Search code examples
regexnotepad++

Notepad++ regex to match and replace first comma between certain tags


I have data like so opened in Notepad++:

<title>Name 1, Address 1, NY</address>
<title>Name 2, Address 2, California</address>
<title>Name 3, Address 3, Texas</address>
<title>Name 4</title> <address>Address 4, Utah</address> <-- this line is 100% correct

...and I would llike to target the first comma on the groups that need proper tag enclosing, and replace it by: </title><address>

I did this and it targets the second group (address), but the replace regex I don't know what to use to keep the integrity of the address data, I tried something like this but it destroys the whole address:

  • Find What: , (.+address)
  • Replace with: </title><address>(.+address)

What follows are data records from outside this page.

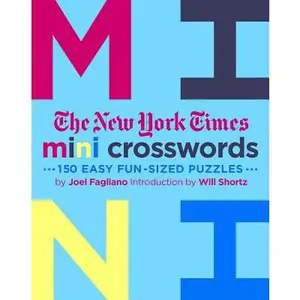 The New York Times Mini Crosswords, Volume 3: 150 Easy Fun-Sized Puzzles -- Joel Fagliano, Paperback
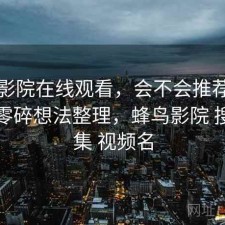 蜂鸟影院在线观看，会不会推荐给别人｜零碎想法整理，蜂鸟影院 搜索剧集 视频名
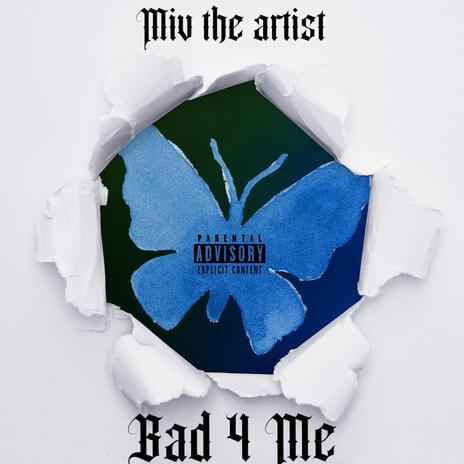 Bad 4 Me | Boomplay Music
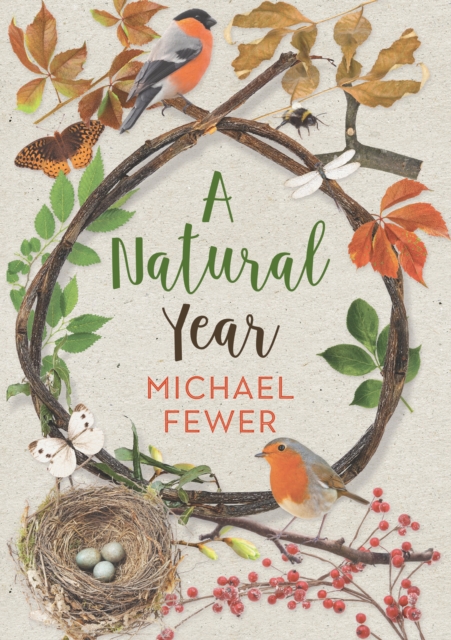 A Natural Year : The Tranquil Rhythms and Restorative Powers of Irish Nature Through the Seasons, EPUB eBook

How to simply replace the first comma by new tags </title><address>?


Solution

  • You can use

    <title>[^<>,\v]*\K,\h*([^<>\v]*</address>)
    

    Replace with </title> <address>\1.

    See the regex demo.

    Details

    • <title> - a string <title>
    • [^<>,\v]* - zero or more chars other than <, >, comma and any vertical whitespace
    • \K - match reset operator that disacards all text matched so far
    • , - a comma
    • \h* - zero or more horizontal whitespaces
    • ([^<>\v]*</address>) - Group 1 (the $1 or \1 backreference refers to the group value):
      • [^<>\v]* - zero or more chars other than <, > and any vertical whitespace
      • </address> - a </address> string.